On March 3, the president added his own voice:
"Going forward, we will continue to send a clear message: The violence must stop. Muammar Qaddafi has lost the legitimacy to lead and he must leave. Those who perpetrate violence against the Libyan people will be held accountable. And the aspirations of the Libyan people for freedom, democracy and dignity must be met."
These statements raise an interesting question about Qaddafi’s “loss” of legitimacy, to which both officials referred. When exactly did he have that legitimacy, and how did he earn it? He held power, but that is a different matter entirely.

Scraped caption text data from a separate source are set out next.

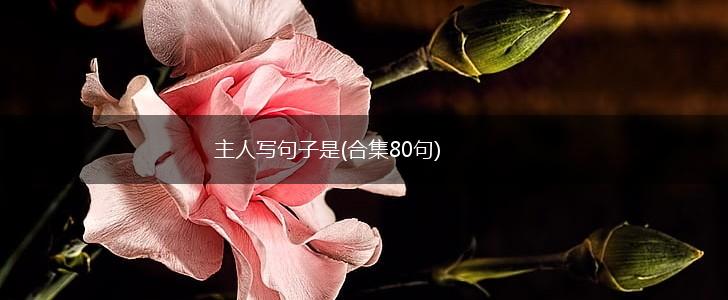 主人写句子是(合集80句),第1张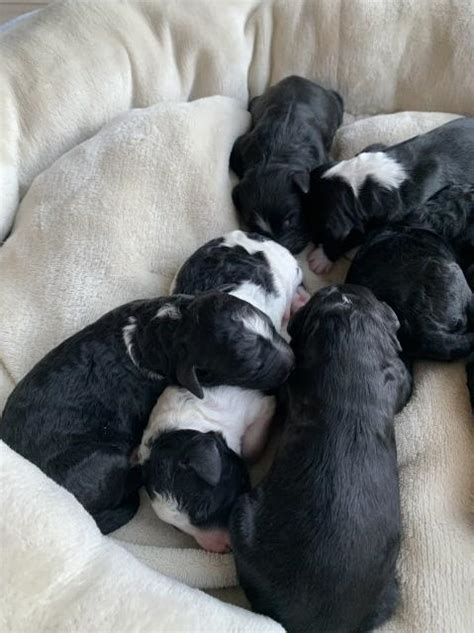 Cornerstone's bernese mountain dog puppies puppies available for adoption below you'll find the bernese mountain dog puppies cornerstone berners currently has available for adoption. Bernese Mountain Dog puppy dog for sale in Elgin, Illinois
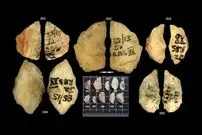 کشف «تیرهای سمّی» با قدمت 60 هزار سال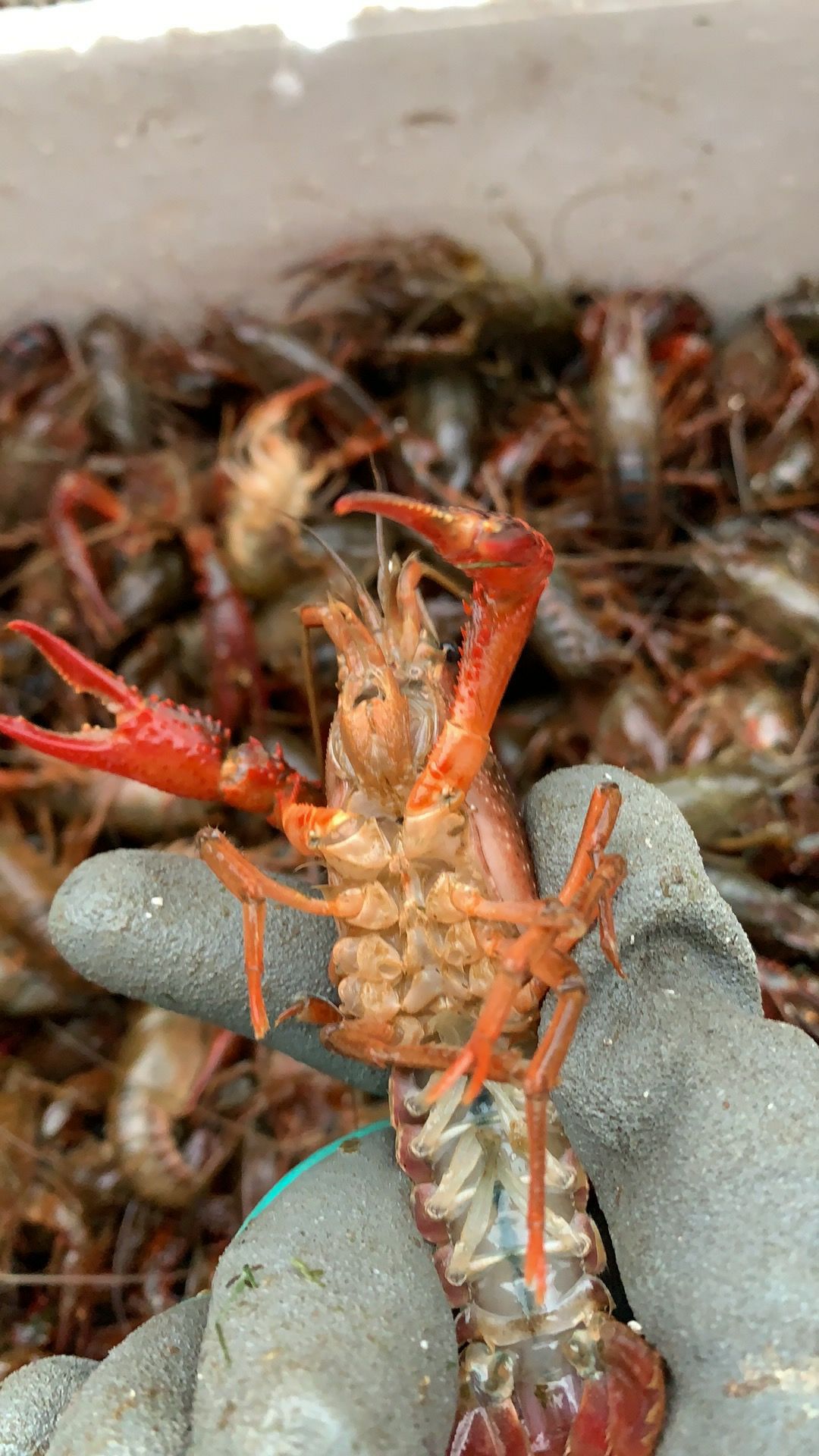  中国小龙虾   各种规格456   789  硬规格
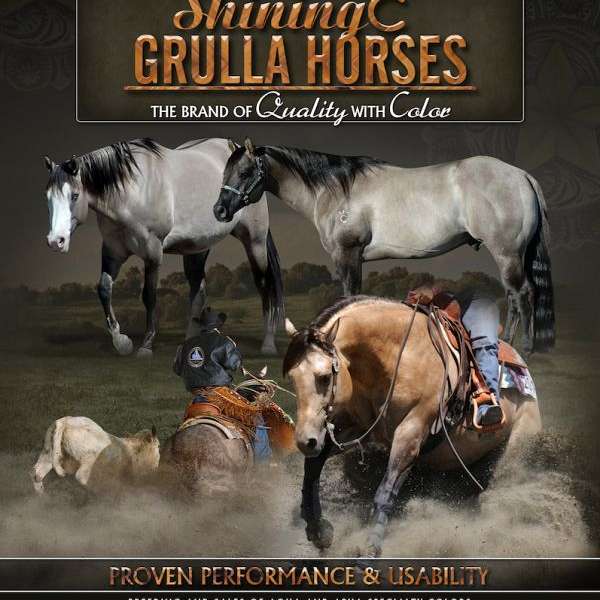 Shining C Grulla Horses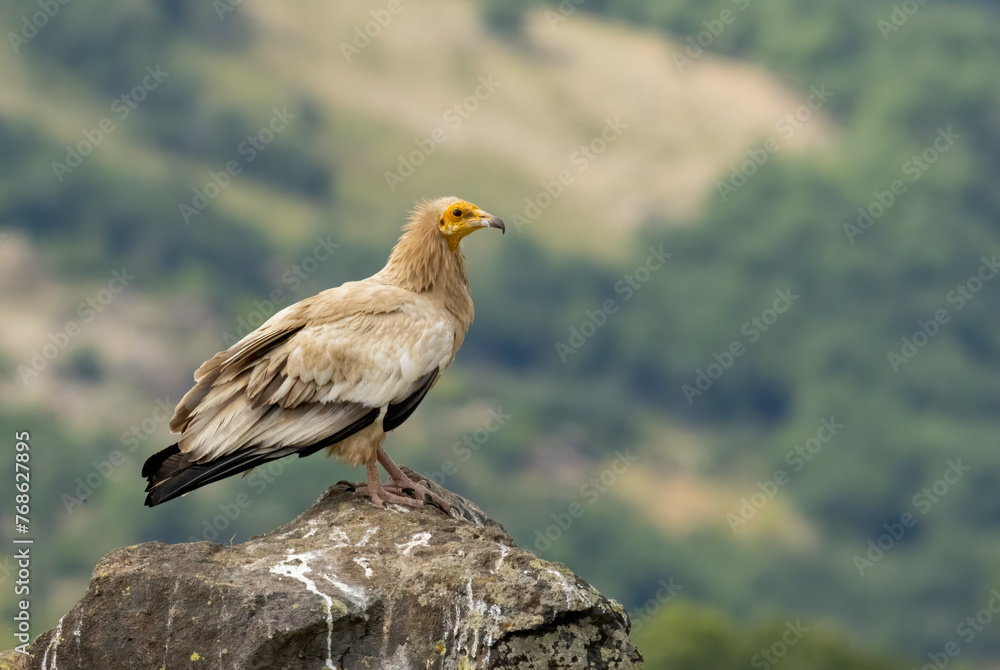 Egyptian vulture in natural habitat in Bulgaria Egyptian vulture in natural habitat in Bulgaria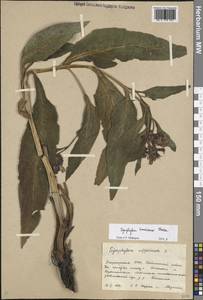Symphytum tanaicense Steven, Eastern Europe, Eastern region (E10) (Russia)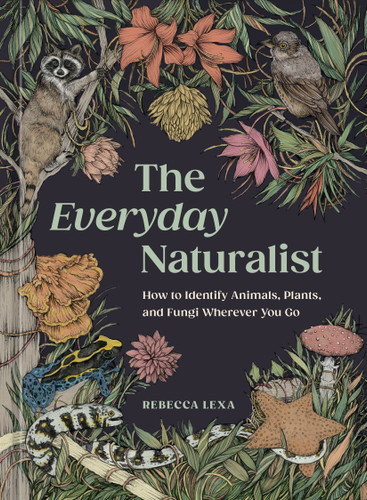 The Everyday Naturalist (How to Identify Animals, Plants, and Fungi Wherever You Go) by Rebecca Lexa, Ricardo Macía Lalinde, 9780593835975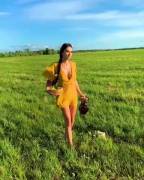 Yellow Fields (GIF)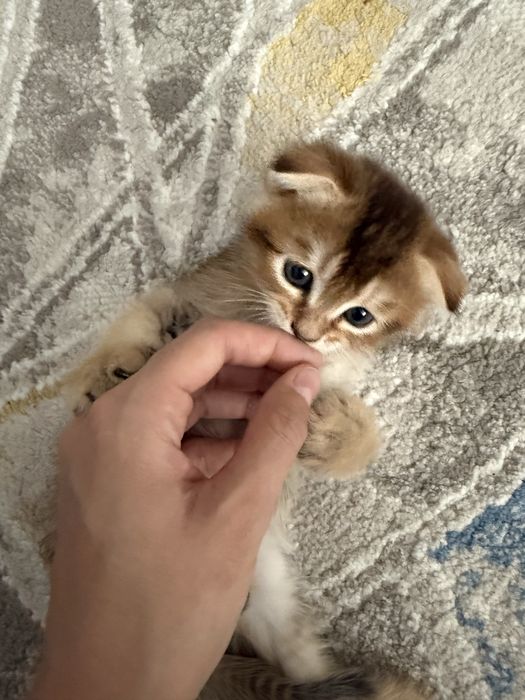 Кошка  Шиншилла милые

But the larger problem is that these statements by the president and secretary of state do not appear to animate U.S. policy. “Lots of people throw around the phrase of ‘no-fly zone,’ and they talk about it a though it’s just a game, a video game or something, and some people who throw that line out have no idea what they’re talking about,” said the new White House chief of staff, William Daley. Secretary of Defense Gates has come close to mocking those who would use military power, calling discussion of a no-fly zone “loose talk.” Considering that this “loose talk” came from among others Sen. John McCain, whose military experience is a bit more impressive than Gates’s or Daley’s, these comments were offensive: not an argument but a substitute for argument.
Just where the administration now stands is, accordingly, unclear. The president has gone as far as he can go rhetorically, but apparently without any plan to turn his words into reality. That’s always a mistake for an American leader, and one that must give our allies around the world the shakes.
It must also cause wonder among Americans, who are footing the bill for our military establishment. Total military spending for FY2011 was $739 billion, according to the Center for Strategic and Budgetary Assessments. Total Libyan defense spending was somewhat lower. And some parts of the Libyan air force and air defense system are not operational, while others have now defected to the opposition to Qaddafi. It is very difficult to believe that enforcement of a no-fly zone is beyond the capacity of the U.S. military, or that it is a very hard project. Sen. John Kerry suggested that a one-time cratering of runways could make most of Libya’s remaining air force unable to take off.
The president should decide these things before he speaks, not weeks after.